A team of international scientists has uncovered the genetic underpinnings of a rare, inherited autoimmune disorder, according to a study recently published in Science Translational Medicine.
Autoimmune polyendocrinopathy-candidiasis-ectodermal dystrophy (APECED) is a life-threatening autoimmune disease that affects an estimated one in 100,000–500,000 people worldwide, according to the National Institutes of Health. People with APECED may experience more than 30 different manifestations of the disease, including chronic fungal infections of the skin and mouth, endocrine dysfunction and multi-organ inflammation.
While the disease is known to have genetic causes, not all patients with the condition have the hallmark variant in the AIRE gene, said Jennifer Miller, MD, ‘04 GME, associate professor of Pediatrics in the Division of Endocrinology, who was a co-author of the study.
“We saw a patient in clinic with APECED, and we knew she had this clinical picture, but we didn’t know why, because all of her genetic testing had been normal,” Miller said.

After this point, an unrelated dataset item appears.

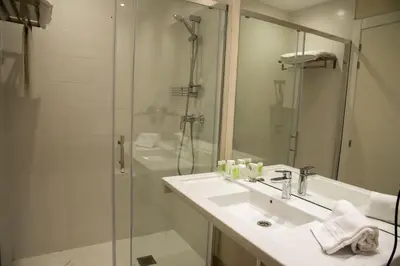 Un baño de Hotel Delta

In the study, scientists from several countries worldwide performed genetic sequencing on 17 patients who had APECED but didn’t have the expected genetic variants. They discovered that the genetic variance lay in the non-coding region of the AIRE gene, according to the study.

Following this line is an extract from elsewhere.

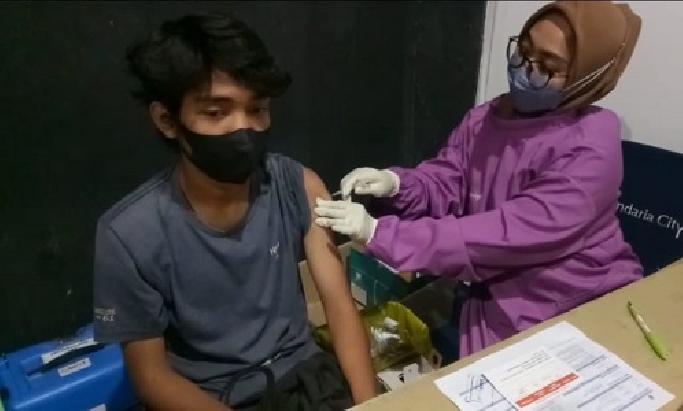 Jelang Akhir Pekan, Sentra Vaksinasi Serentak Mal Gancit Ramai Pengunjung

“It’s not a variant in the expressed gene, but in a non-coding region within the gene, which causes frame-shifting and failure of AIRE gene function, leading to the same APECED clinical picture as we see with previously known AIRE variants,” Miller said.
By analyzing kidney and thymus cells cultured with the AIRE mutation, investigators found that the variant altered the AIRE protein, halting normal function.
According to the study, 15 of the 17 participants were of Puerto Rican ancestry, a finding which may aid in future patient screening for APECED.
“We have so many genetic tests at our fingertips now, and it’s amazing to be able to get diagnoses based on genetics. But this tells me that if you have someone who fits a clinical scenario, even if their genetics don’t match up with what you expected, it doesn’t mean there’s not an underlying genetic variant, just that we may not have tested for it,” Miller said.
Miller hopes to build upon this work to improve treatment options for her patient, with the hopes of getting insurance to cover more effective and convenient medications for hypoparathyroidism associated with APECED, she said.
“From a clinical perspective, the next step for me is continuing to work with some of the authors from this paper to try to get medications approved for hypoparathyroidism in children as an alternative to the conventional therapy, which is very tedious and involves taking multiple medications throughout the day,” Miller said.
Miller said she’s grateful for the international collaboration that yielded new answers for her patient.
“I had one patient and clinicians elsewhere else had one patient, and we all found this research site and were able to create a robust, convincing story, which essentially proves that this genetic change is responsible for these patients’ clinical picture,” Miller said.
The research was supported by the Clinical Center Genomics Opportunity and the National Institutes of Health.